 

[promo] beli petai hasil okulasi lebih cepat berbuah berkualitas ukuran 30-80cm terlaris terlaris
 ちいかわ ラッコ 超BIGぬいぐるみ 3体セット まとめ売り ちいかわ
◇ ◇ ◇ ◇ ◇
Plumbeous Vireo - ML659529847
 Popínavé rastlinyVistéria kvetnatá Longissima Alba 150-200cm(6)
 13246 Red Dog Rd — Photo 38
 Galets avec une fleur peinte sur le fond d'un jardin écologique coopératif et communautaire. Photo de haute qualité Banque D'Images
◇ ◇ ◇ ◇ ◇
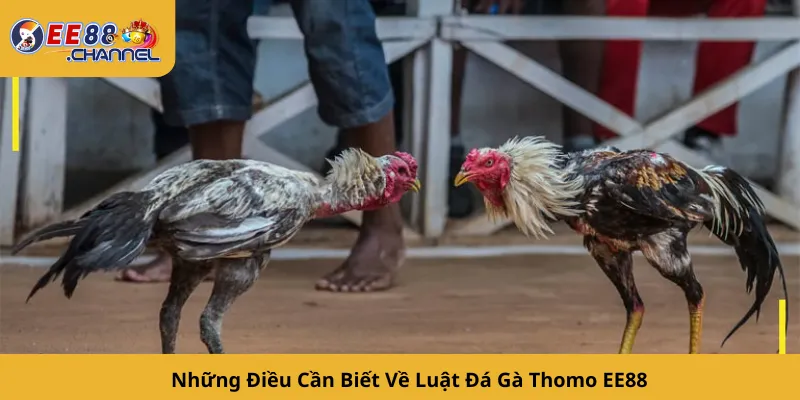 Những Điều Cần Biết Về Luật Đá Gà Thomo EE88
◇ ◇ ◇ ◇ ◇
== Exercise brief ==
Determine how many lines above contain the string "Photo". Give only that number.

== Solution to the exercise ==
2